News - Hari itu Amrus Natalsya tak pernah menyangka akan diajak berkeliling Indonesia oleh Kepala Staf Angkatan Laut, Subyakto. Ia diundang bukan tanpa alasan. Tugas menantinya untuk membuat patung "Pahlawan Laut Indonesia".

Dikutip dari TEMPO edisi 30 Juni 2008, sekali waktu Amrus turun berjalan santai menikmati pemandangan di atas kapal perang korvet Gadjah Mada. Ia berjalan pelan dari kabin perwira ke kamar mandi dengan celana kolor dan kaus singlet. Handuk diselempangkan di lehernya. Sementara orang-orang yang dilaluinya berseragam rapi.

Amrus tanpa sadar melenggang melalui lorong, melewati Sukarno yang tengah menjamu tamu.

"Siapa orang itu?" tanya Sukarnp pada orang di sampingnya.

"Amrus Natalsya," jawabnya.

Mendengar jawaban itu, Sukarno hanya melengos.

Natal dan Syah

Amrus Natalsya lahir di Medan, 21 Oktober 1933, dari pasangan Rustam Syah Alam dan Aminah. Ia anak pertama dari tujuh bersaudara. Keluarga Amrus tergolong kelas menengah.

Dalam buku Amrus Natalsya: Memahat Bahtera Purba dari Pecinan Kota Tua (2021), Ibrahim Soetomo menyebutkan bahwa bapak Amrus sehari-hari berkutat di perusahaan ekspedisi Horizon Cross di Medan, sementara ibunya mengampu tugas mengurus anak di rumah.

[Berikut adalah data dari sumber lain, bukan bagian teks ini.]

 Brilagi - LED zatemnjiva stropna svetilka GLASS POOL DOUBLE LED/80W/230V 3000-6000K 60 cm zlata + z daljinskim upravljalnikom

Menginjak masa sekolah dasar, guru-guru Amrus terkesima karena bakatnya dalam menggambar. Seluruh karyanya tak pernah diberi nilai di bawah delapan oleh para guru.

"Gambar pertama saya adalah peta dengan simbol gunung dan jalanan Kota Medan saat Pelajaran ilmu bumi (geografi),” tutur Amrus dalam artikel "Sang Petarung" (2015).

Masa SMP, Amrus belajar di sekolah Muhammadiyah. Indoktrinasi tentang kebusukan Partai Komunis Indonesia merasuk ke dalam alam bawah sadarnya.

"PKI bukan partai yang baik," jawabnya saat ditanya guru ihwal pendapatnya tentang pemberontakan PKI di Madiun.

Sejak kecil, ia telah berpikir untuk menambahkan nama belakang dengan "Natalsya". Kata tersebut diambil dari kota asal leluhurnya "Natal" di Tapanuli Selatan, dan "Syah" nama depan kakeknya.

Ketertarikan khusus Amrus pada kesenian terjadi pada periode itu. Ia senang memperhatikan ukiran patung-patung tradisional Batak dan Nias di sekelilingnya. Kegiatannya di sekolah dasar selalu ia habiskan untuk menggambar kapal dan perahu.

"Ia pun selalu mendapat nilai yang bagus untuk mata pelajaran menggambar," tulis Ibrahim Soetomo.

Ketika revolusi 1945 pecah, keluarga Amrus hijrah ke Pematangsiantar, Sumatra Utara. Di tengah kegentingan, hasrat Amrus untuk mengunjungi museum terus membara.

"Amrus muda dianggap gagal menjadi panutan adik-adiknya. Ia doyan keluyuran," catat TEMPO edisi yang sama.

Keluyuran itulah yang menentukan bahtera hidup Amrus untuk menjadi pelukis.

Namun, alih-alih menyetujui sebagai pelukis, orang tuanya justru menginginkan Amrus menjadi arsitek. Mendengar hal itu Amrus tetap bersikukuh akan pilihan hidupnya.

Suatu hari, Amrus diam-diam naik kapal yang hendak berlayar ke ke Jawa. Mimpi mudanya melayang ke Jawa untuk studi di Akademi Seni Rupa Indonesia (ASRI) yang telah berdiri pada 1950 di Yogyakarta.

Segala yang dicintainya ia tinggalkan untuk mengejar mimpi: orang tua, adik-adik, dan tanah kelahiran.